[Dataset items]
—————

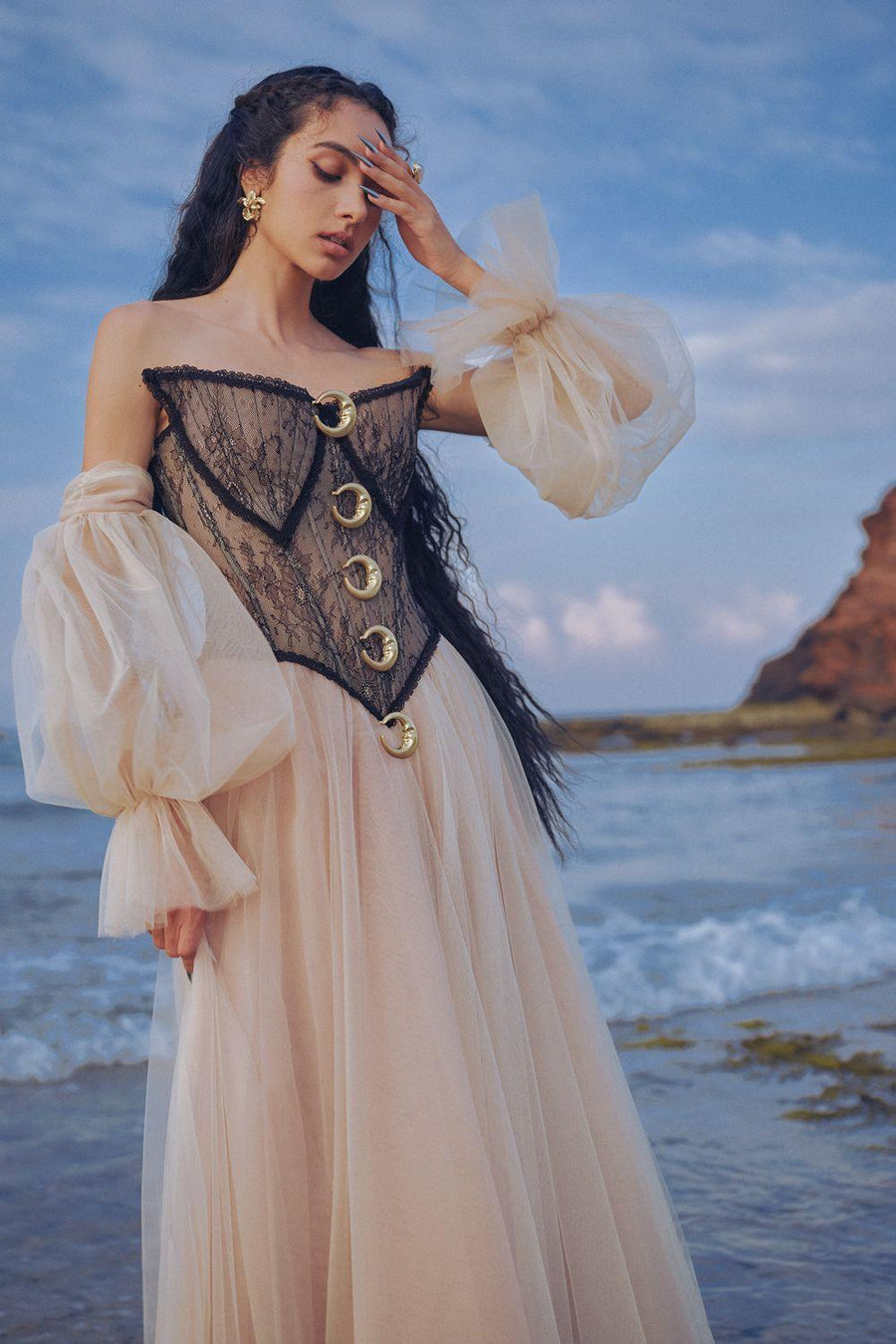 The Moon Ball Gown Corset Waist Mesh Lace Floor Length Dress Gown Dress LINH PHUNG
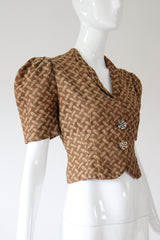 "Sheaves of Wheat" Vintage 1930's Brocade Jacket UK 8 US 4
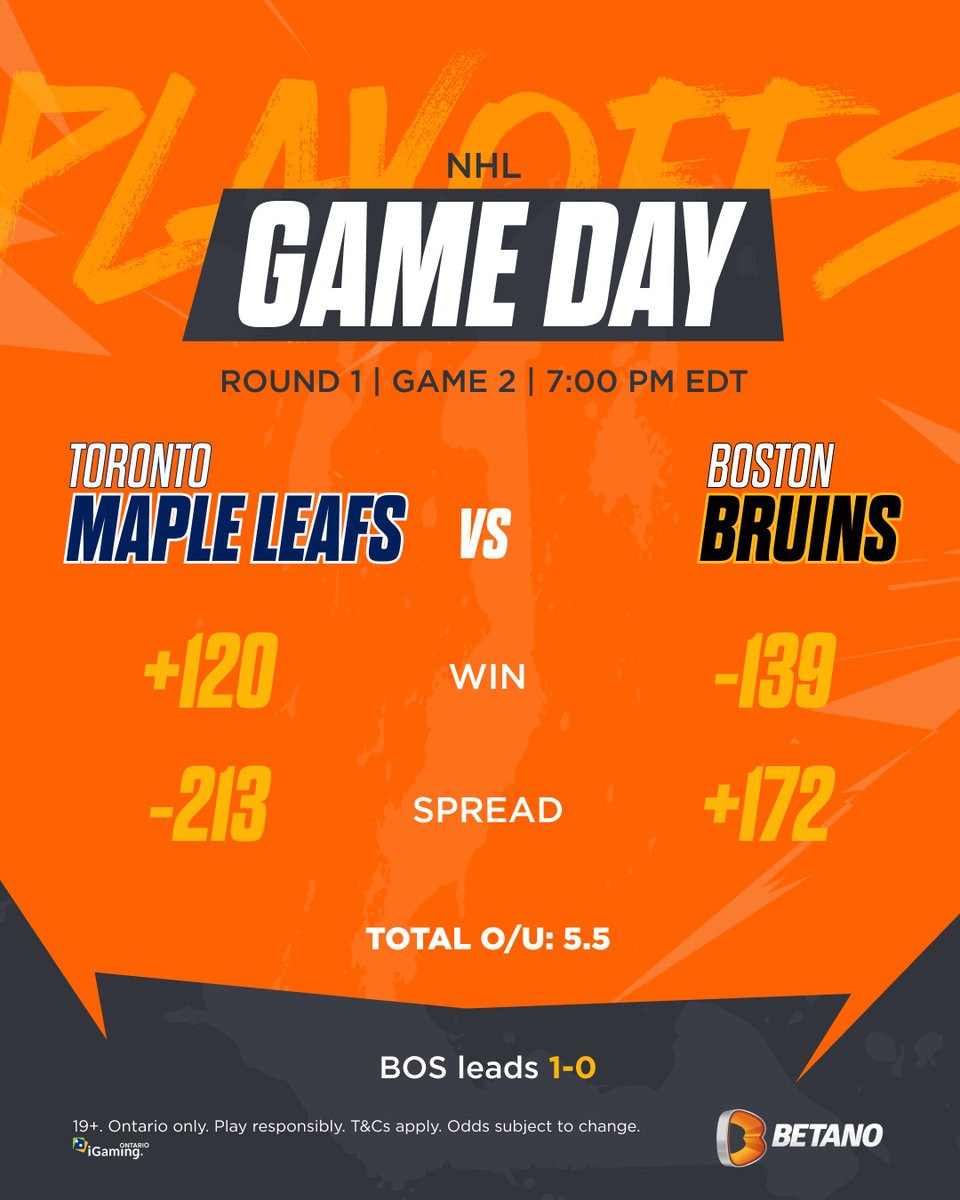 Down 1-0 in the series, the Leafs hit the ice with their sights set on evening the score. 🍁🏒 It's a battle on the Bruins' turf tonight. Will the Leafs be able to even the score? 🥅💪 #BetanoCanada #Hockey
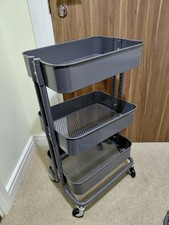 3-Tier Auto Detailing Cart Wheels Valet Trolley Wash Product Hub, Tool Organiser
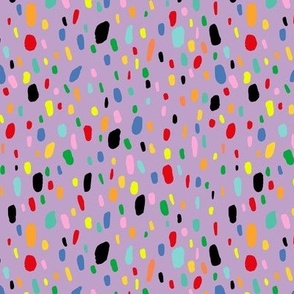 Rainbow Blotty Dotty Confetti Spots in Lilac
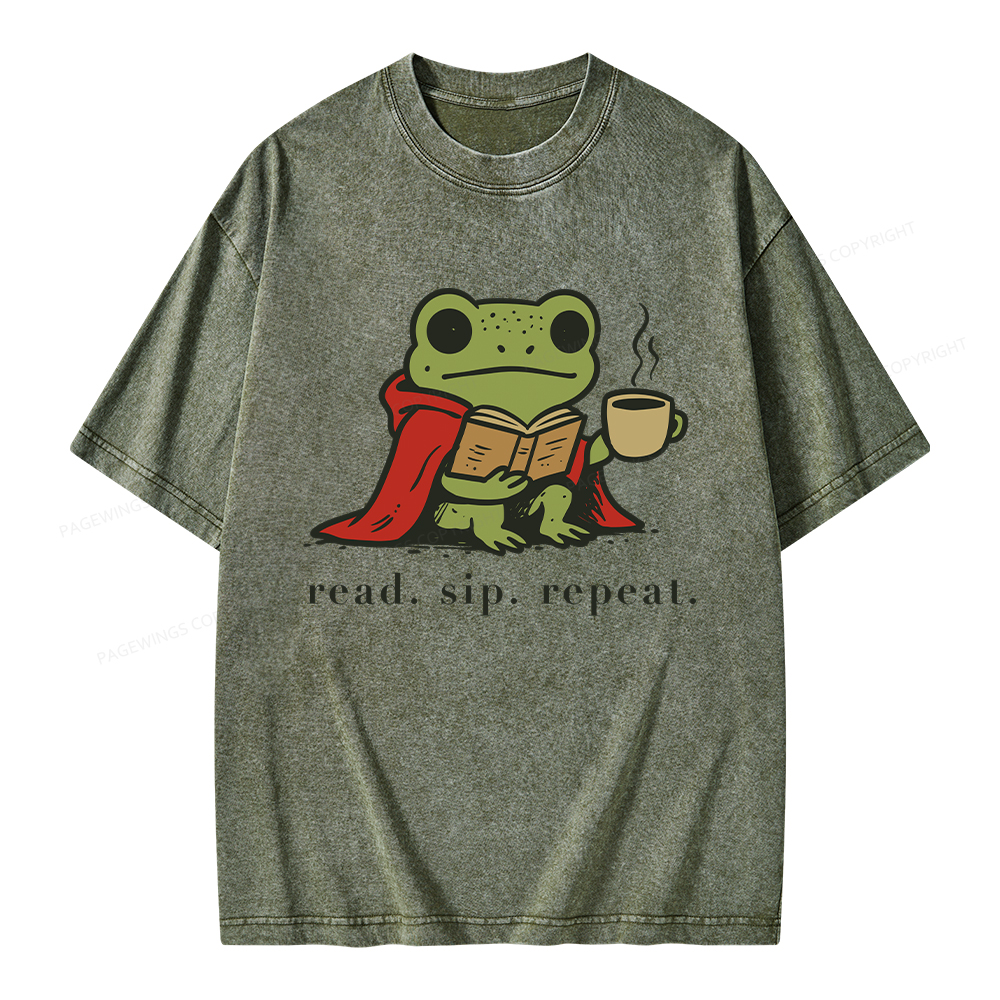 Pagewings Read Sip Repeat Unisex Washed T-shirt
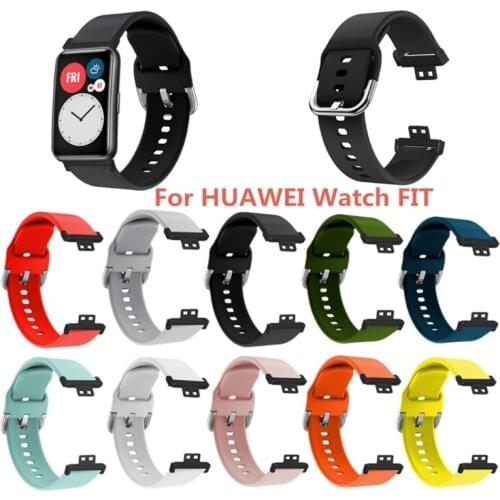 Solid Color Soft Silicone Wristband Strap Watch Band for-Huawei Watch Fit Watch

—————

> _What you need to do_: All lines between the one that contains "Rainbow Blotty Dotty Confetti Spots in Lilac" and the end of the records above, both included, are to be returned exactly as they stand, except for pictures, which are omitted.

> _Answer space_:
 Rainbow Blotty Dotty Confetti Spots in Lilac
 Pagewings Read Sip Repeat Unisex Washed T-shirt
 Solid Color Soft Silicone Wristband Strap Watch Band for-Huawei Watch Fit Watch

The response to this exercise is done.